Normally, probe would have to allocate two closures to pass in to lookup, and the code in each closure would have to fetch the lexical value of key from the closure. But without changing either lookup or probe we can (declaim (inline lookup)). Obviously, inlining the call will eliminate the overhead of a function call, but watch what happens to the closures:

(defun probe (thing)
  ((lambda (key table if-found if-not-found)
     (labels ((scan-entries (table)
                (cond ((null entries) (funcall if-not-found))
                      ((eq (caar entries) key) (funcall if-found (cdar entries)))
                      (t (scan-entries (cdr entries))))))
        (scan-entries table)))
    thing *special-table*
    (lambda (value) (format t "~s maps to ~s." thing value))
    (lambda () (format t "~s has no mapping." thing))))
A Decent Compiler will easily notice that key is just an alias for thing and that table is just an alias for *special-table*, so we get:
(defun probe (thing)
  ((lambda (if-found if-not-found)
     (labels ((scan-entries (entries)
                (cond ((null entries) (funcall if-not-found))
                      ((eq (caar entries) thing) (funcall if-found (cdar entries)))
                      (t (scan-entries (cdr entries))))))
        (scan-entries *special-table*)))
    (lambda (value) (format t "~s maps to ~s." thing value))
    (lambda () (format t "~s has no mapping." thing))))
and the expressions for if-found and if-not-found are side-effect free, so they can be inlined (and we expect the compiler to correctly avoid unexpected variable capture):
(defun probe (thing)
  ((lambda ()
     (labels ((scan-entries (entries)
                (cond ((null entries)
                       (funcall (lambda () (format t "~s has no mapping." thing))))
                      ((eq (caar entries) thing)
                       (funcall (lambda (value) (format t "~s maps to ~s." thing value))
                                (cdar entries)))
                      (t (scan-entries (cdr entries))))))
        (scan-entries *special-table*)))))
and the immediate calls to literal lambdas can be removed:
(defun probe (thing)
   (labels ((scan-entries (entries)
              (cond ((null entries) (format t "~s has no mapping." thing))
                    ((eq (caar entries) thing)
                     (format t "~s maps to ~s." thing (cdar value))))
                    (t (scan-entries (cdr entries))))))
      (scan-entries *special-table*)))

Our Decent Compiler has removed all the lexical closure machinery and turned the calls to the continuations into direct code. This code has all the features we desire: there is no special “key not found” value to screw up our types, there is no redundant branch: the (null entries) test directly branches into the appropriate handling code, we do not allocate closures, and the variables that would have been closed over are now directly apparent in the frame.

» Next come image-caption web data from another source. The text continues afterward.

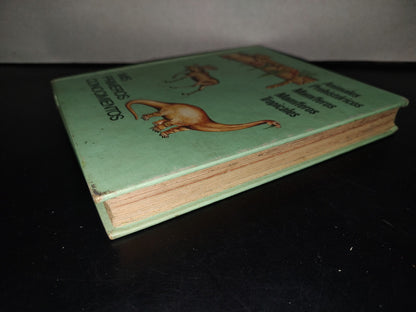145- Mis Primeros Conocimientos. Animales Prehstóricos, Mamíferos... - Editorial Cumbre 1981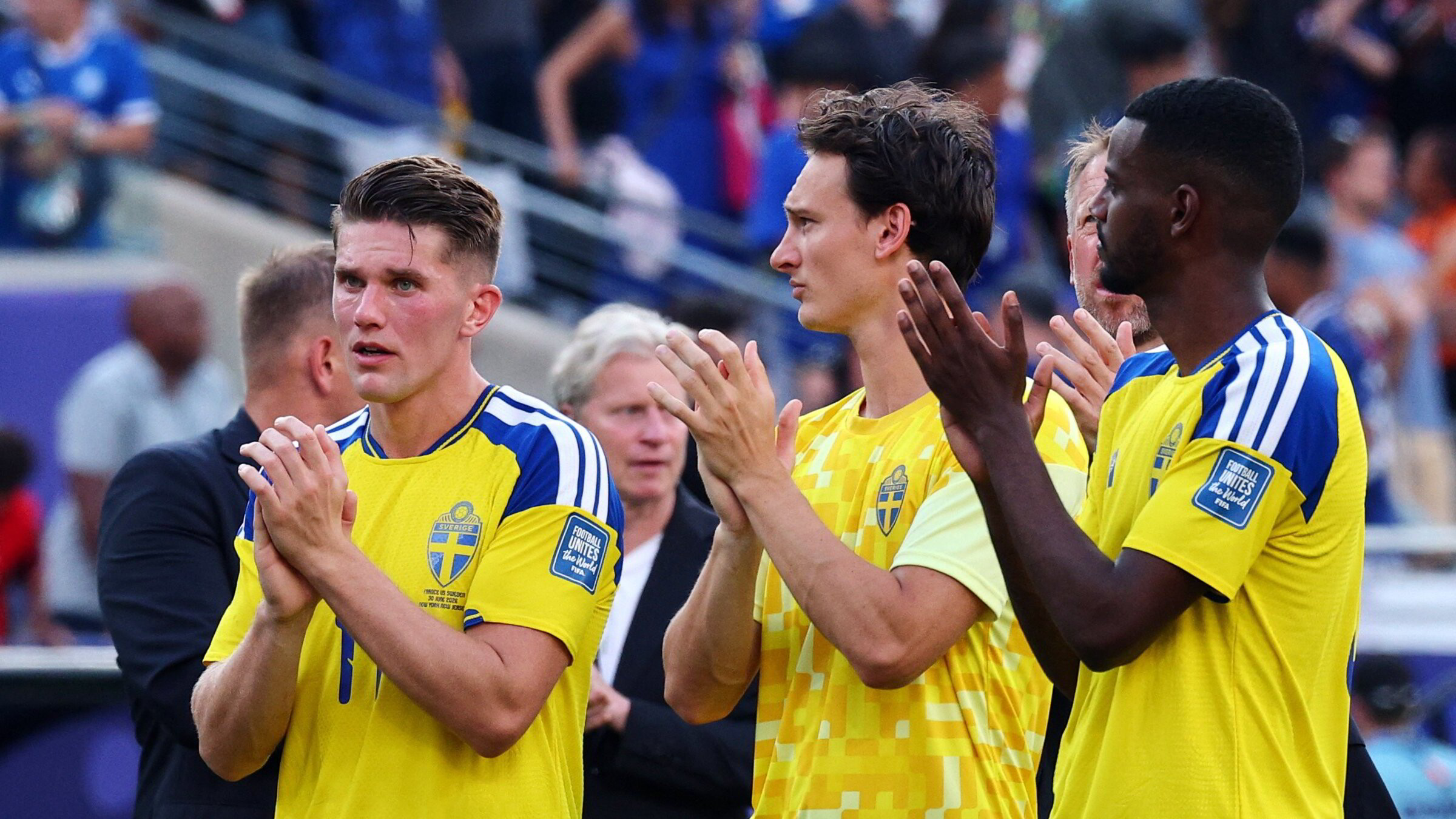 Takk til elskede utslåtte landslag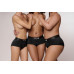 Ouch! Vibrating Strap-on Brief - M/L Ouch! Vibrating Strap-on Brief - M/L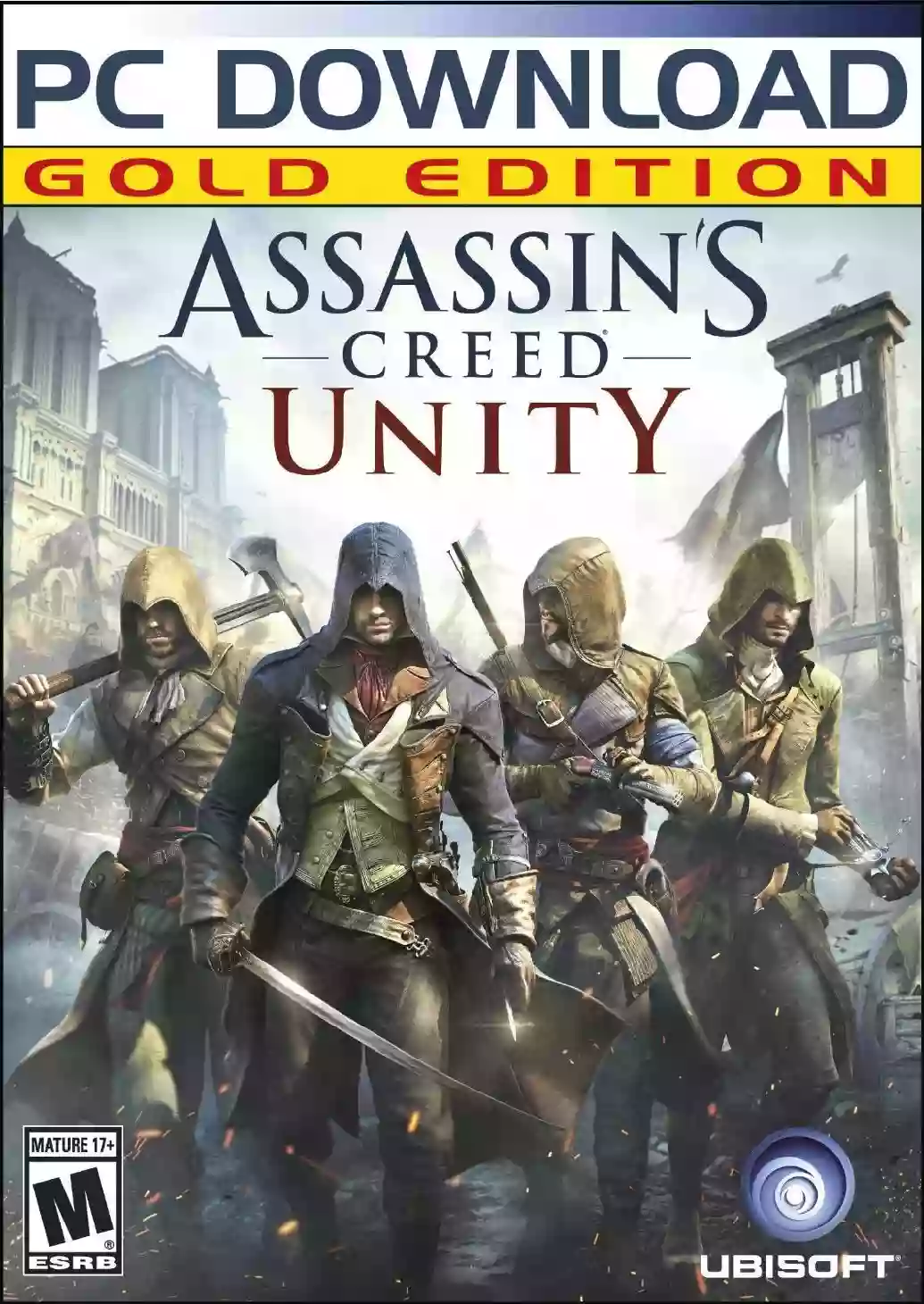 刺客信条:大革命.webp 刺客信条:大革命 | v1.4死去的国王DLC中英文完整版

It's a bit vacuous to observe that an inlined function performs better. Of course it does. At the very least you avoid a procedure call. But if you inline a continuation passing style function, any Decent Compiler will go to town and optimize away the continuation overhead. It's an unexpected bonus.

On occasion I find that continuation passing style is just the abstraction for certain code that is also performance critical. I don't give it a second thought. Continuation passing style can result in high-performance code if you simply inline the critical calls.

3 comments:

Anonymous said...

Thanks, interesting insight. Nitpick: missing "funcall"s when calling if-found and if-not-found.

Joe Marshall said...

Fixed. Thanks!

John Cowan said...

R7RS-large now provides this style for hash tables, but with two differences that I think are improvements: both are optional, and failure precedes success, because often there's nothing special you need to do on success; you just want the value. So the defaults are "error" for failure and "identity" for success. There is also a trivial variant with a required default value, equivalent to a failure thunk that returns that value.